- [EXERCISE REQUIREMENTS]
Please copy the entries below word for word, leaving out any image.

Excerpts from a dataset

_ _ _ _

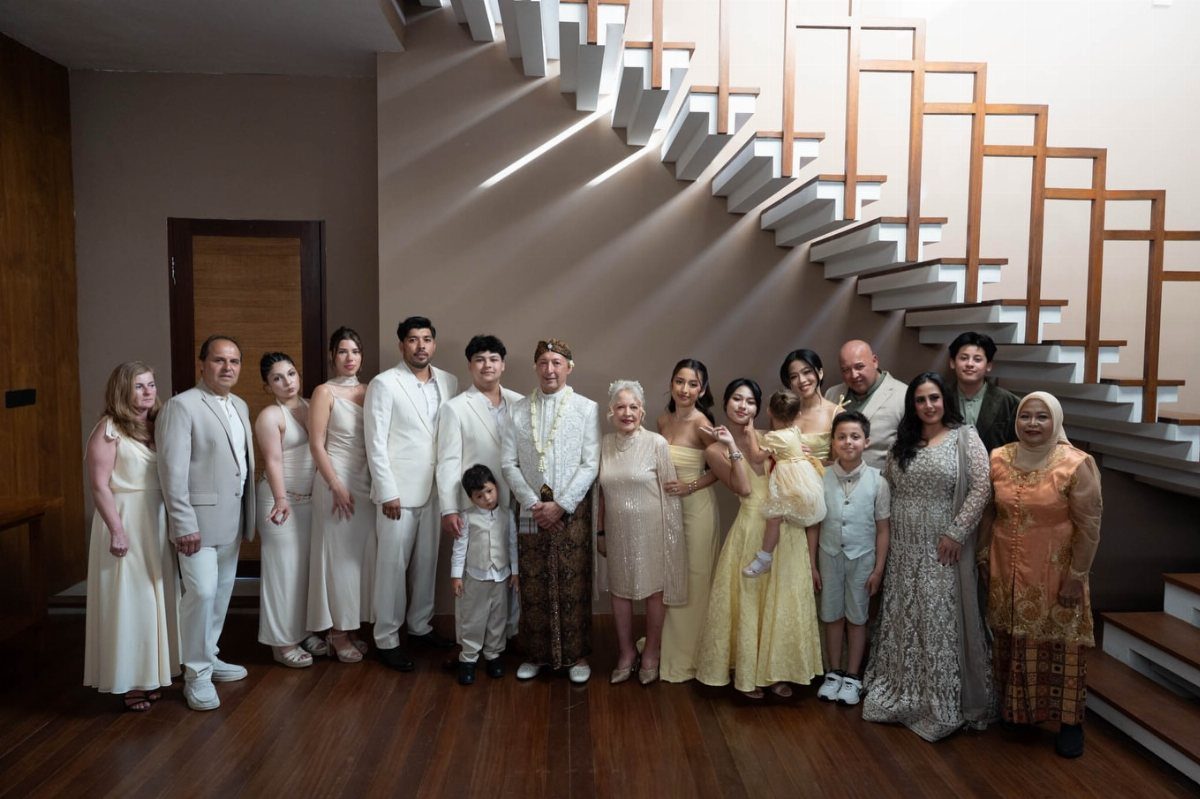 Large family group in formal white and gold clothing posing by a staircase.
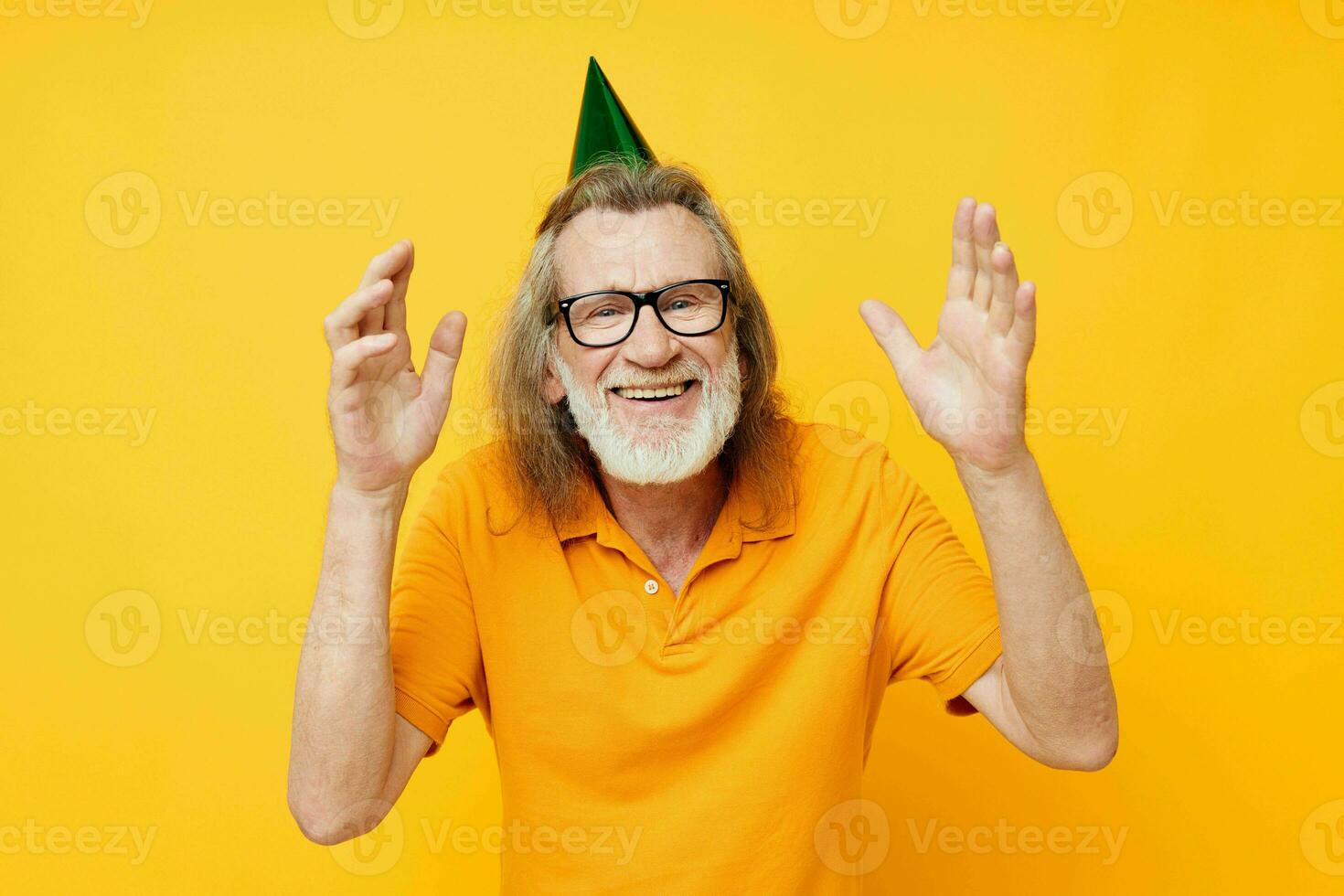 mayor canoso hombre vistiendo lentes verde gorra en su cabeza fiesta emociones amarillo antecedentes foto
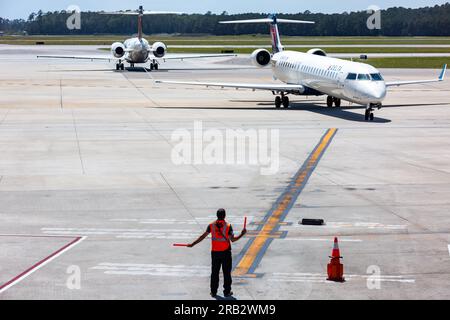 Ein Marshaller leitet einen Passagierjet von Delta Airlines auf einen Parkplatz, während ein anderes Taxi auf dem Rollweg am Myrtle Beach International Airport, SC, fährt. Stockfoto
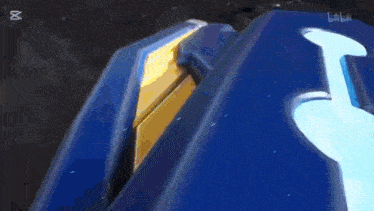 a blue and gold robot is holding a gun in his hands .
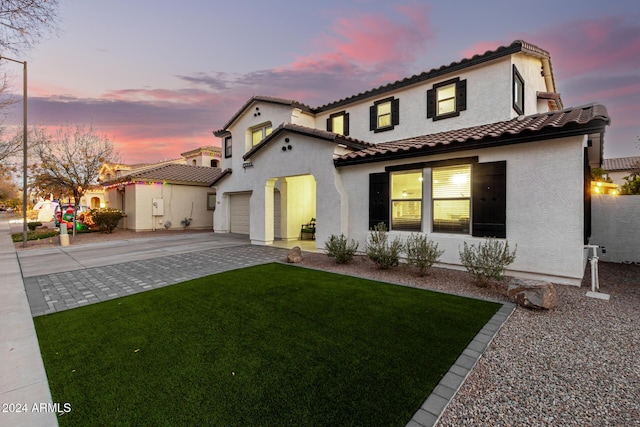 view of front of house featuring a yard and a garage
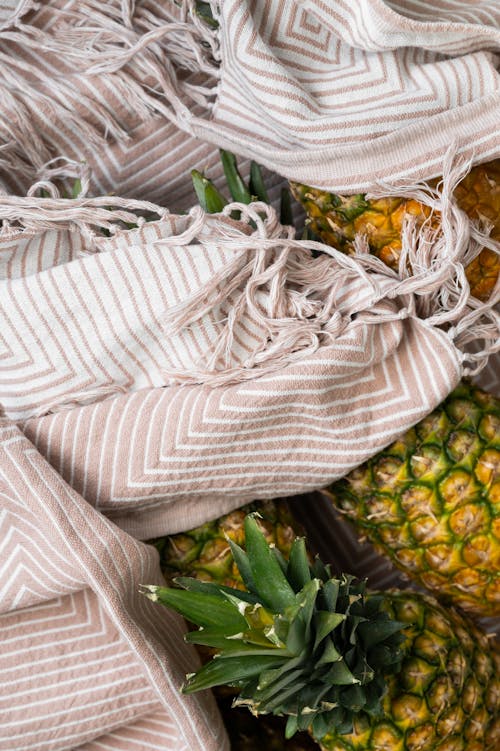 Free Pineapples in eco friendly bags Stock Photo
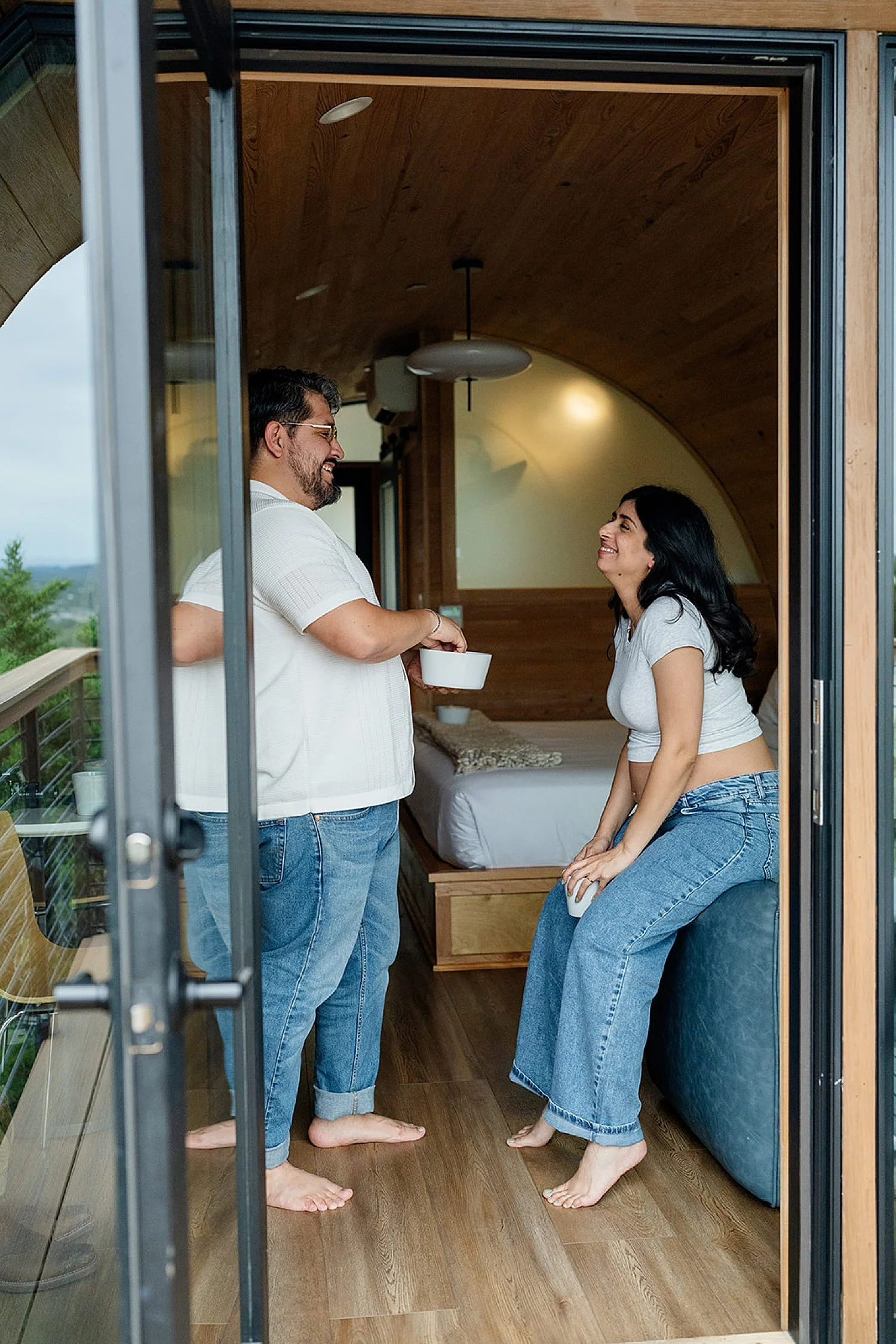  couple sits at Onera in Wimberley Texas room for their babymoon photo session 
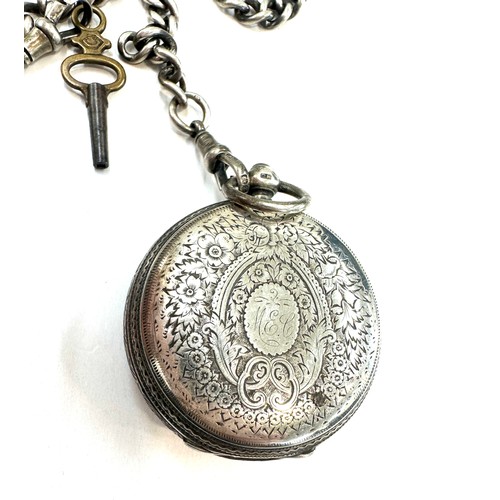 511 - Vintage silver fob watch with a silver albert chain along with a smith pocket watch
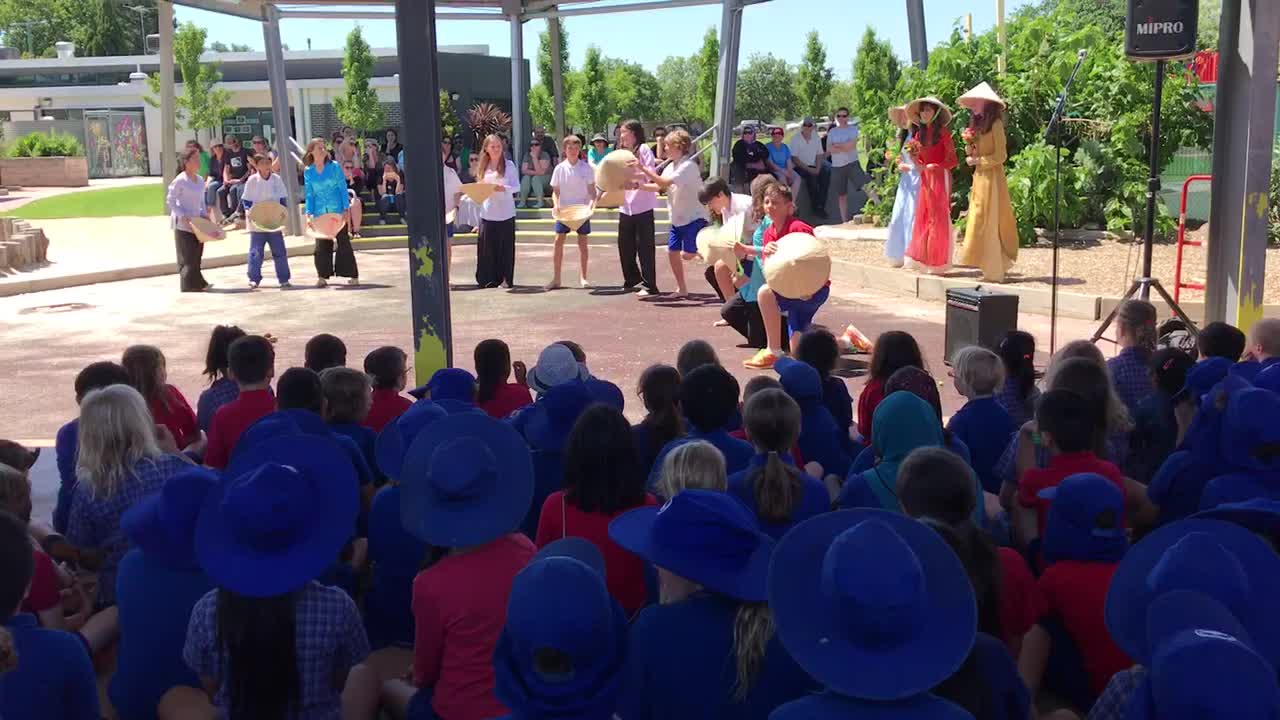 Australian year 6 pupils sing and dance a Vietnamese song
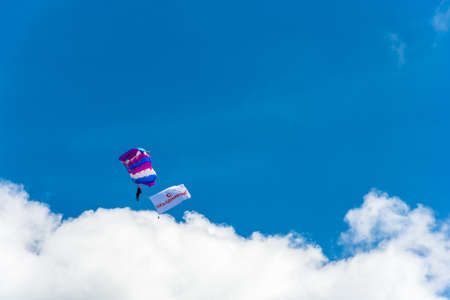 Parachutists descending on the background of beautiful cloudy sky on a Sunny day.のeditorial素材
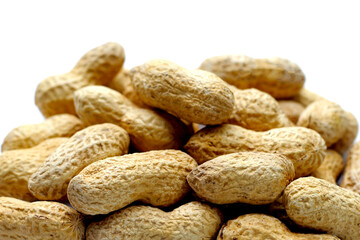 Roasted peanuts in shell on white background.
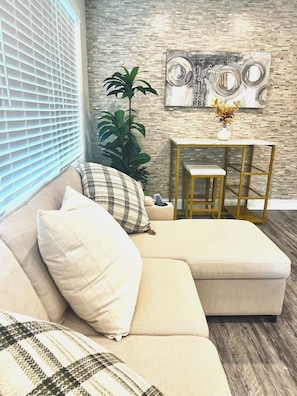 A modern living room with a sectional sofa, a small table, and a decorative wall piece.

_ _ _ _

- [EXERCISE SOLUTION]
 Large family group in formal white and gold clothing posing by a staircase.
 mayor canoso hombre vistiendo lentes verde gorra en su cabeza fiesta emociones amarillo antecedentes foto
 Ein Marshaller leitet einen Passagierjet von Delta Airlines auf einen Parkplatz, während ein anderes Taxi auf dem Rollweg am Myrtle Beach International Airport, SC, fährt. Stockfoto
 a blue and gold robot is holding a gun in his hands .
 view of front of house featuring a yard and a garage
 Free Pineapples in eco friendly bags Stock Photo
  couple sits at Onera in Wimberley Texas room for their babymoon photo session 
 511 - Vintage silver fob watch with a silver albert chain along with a smith pocket watch
 Australian year 6 pupils sing and dance a Vietnamese song
 Parachutists descending on the background of beautiful cloudy sky on a Sunny day.のeditorial素材
 Roasted peanuts in shell on white background.
 A modern living room with a sectional sofa, a small table, and a decorative wall piece.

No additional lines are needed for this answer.